Fish intake and cognitive function.

Date:

06-Feb-2004

Source

Neurology

Related Monographs

Consumer Data: Cognitive Function Omega-3 Fatty Acids Omega-6 Fatty Acids
Professional Data: Cognitive Function Omega-3 Fatty Acids Omega-6 Fatty Acids

Article

Cognitive function is the term used to describe a person's state of consciousness (alertness and orientation), memory, and attention span. A mental status examination (MSE) is a standard test used by healthcare professionals to measure a patient's overall mental health. Evaluating a patient's cognitive function includes, first of all, measuring their level of alertness and orientation.

It is important to know that there is a difference between the normal aging process, and dementia (loss of functions such as those described above).
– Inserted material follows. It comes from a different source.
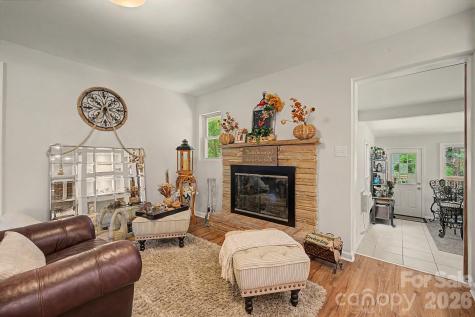 5127 Hoover Drive Charlotte NC 28269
In normal aging, the loss of memory is slow and involves things like forgetting where objects are located, or forgetting a person's name or phone number. In dementia causing illnesses such as Alzheimer's disease, the process continually worsens until the patient is unable to perform normal activities of daily living.

In the early stages, patients may seem inattentive or disoriented. Patients that become confused are generally subdued, not inclined to speak, and physically inactive. As the disease progresses, patients have increasing difficulty with memory, perception, comprehension, problem solving skills, language skills, and occasional inappropriate emotional behavior. In the final stages of dementia producing illnesses, the patient may lose the ability to coordinate muscle movement for walking, control the bowel or bladder, and may lose the ability to chew or swallow.
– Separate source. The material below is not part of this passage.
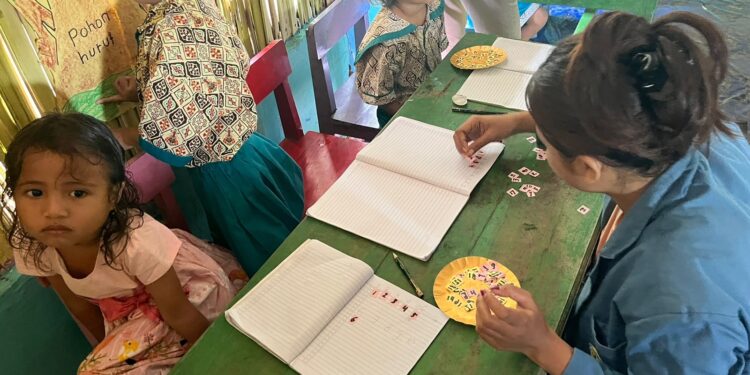 Mahasiswa KKN UNWIRA Kupang Bertandang  ke PAUD St. Hendrikus Haliwen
A recent study published in the journal Neurology examined the intake of fatty acids and fish in a middle-aged population. The purpose of this study was to determine the dietary intakes and the association with cognitive function. Memory, information processing, and overall cognition were recorded in these participants. Food-frequency questionnaires were completed to assess the intake of fish or fatty acids. The results showed that those who had a high intake of marine omega-3 fatty acids had a lower risk of cognitive problems. Similar results were found for those who had a high dietary fish intake. The authors concluded that, “Fatty fish and marine omega-3 PUFA consumption was associated with a reduced risk and intake of cholesterol and saturated fat with an increased risk of impaired cognitive function in this middle-aged population.”1

References

1. Kalmin S. Dietary intake of fatty acids and fish in relation to cognitive performance at middle age. Neurology. 2004;62;275-80.